Are-we-gon-na let the elevator
Bring us down, oh, no let’s go
Let’s go crazy, let’s get nuts!!!


It’s probably ok to lose it a little.  It’s gonna happen whether we want it to or not.  I figure we might as well make a space for the crazy feelings and love life, whatever may come our way.  Let’s go crazy, but like the song asks us to.  Let’s not the let what is designed to lift us up do the opposite.  Prince asks, “Are we gonna let the elevator break us down?”  In other words, let’s go up, not down.

Michelle Obama advised us.  She said, “When they go low, we go high.”  In other words, let’s go up, not down.  Let’s rise, not fall.  Let’s climb up the ladders of life and when it’s time to come back down to earth, let’s do it gracefully.  Let’s do it with a sense of humor and humility.  I lose that sometimes.

I had a horrible day yesterday.  I was realizing some pretty difficult things, to be sure.  But I wasn’t processing my emotions very well.  I got really sad.  I reached out to some friends for comfort.  And then, I didn’t want what they were offering.

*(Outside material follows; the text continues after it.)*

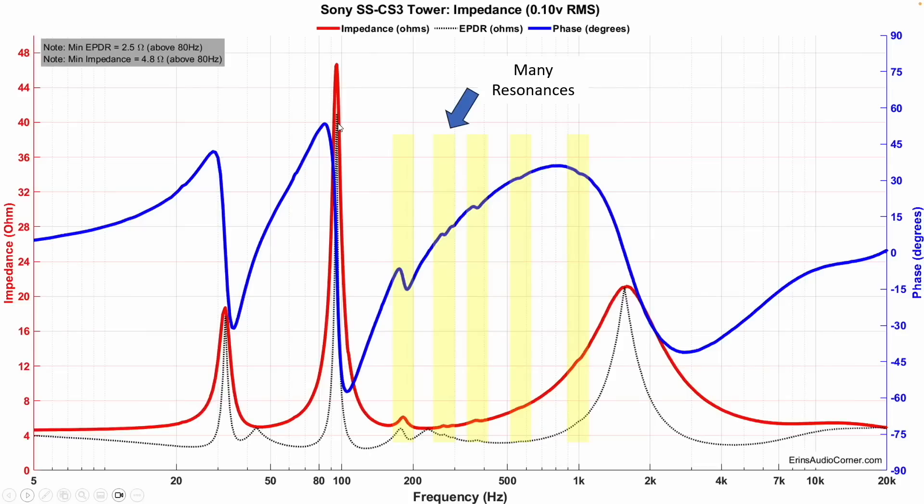First up is the impedance data, which gives a great idea of how good this enclosure is. All these little blips I've highlighted with yellow bars — anytime there's a blip in these lines, that's an indication of a resonance. Ideally you'd have a smooth, constant curve. So we've got one resonance, two, three — right next to the second one — four, five, six. We've got six resonances all below one kilohertz, ignoring the tuned port resonance.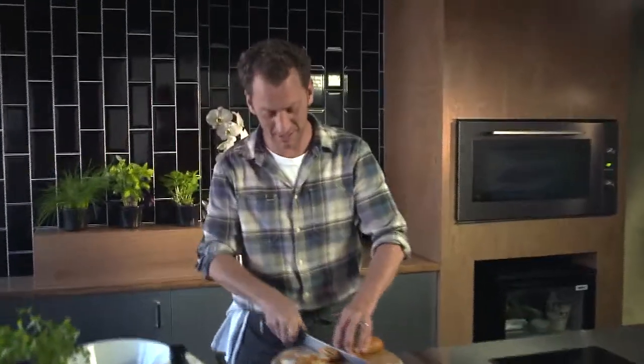Hi, I'm Luke Dale Roberts and this is some of the festive products that I've developed for Woolworths.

I took some time for myself.  I took a walk to move the energy in my body and I waited for the storm to pass.  And slowly it did.  Then, I checked in with my friends again and told them that I was feeling better.  They were glad.  A couple of them said that they had recently gone through difficult times, just like I had.  I guess that happens to all of the people at this party.  Joni Mitchell’s song ends in a lovely way.  She sings,

I feel like I’m sleeping, can you wake me?
You seem to have a broader sensibility
I’m just living on nerves and feelings with a weak and a lazy mind
And coming to people’s parties, fumbling deaf dumb and blind

I wish I had more sense of humor, keeping the sadness at bay
Throwing the lightness on these things
Laughing it all away


For me, this is sage advice.  As the urgency of our current emergency changes into an on-going experience, let’s wake up to the crazy goodness that is all around us.  Let’s open our eyes and our minds as broadly as possible and throw the lightness over the difficult days.

And if that doesn’t work, we can always just grab the nearest ukulele, admit that we’re going a little stir·crazy and sweetly scream!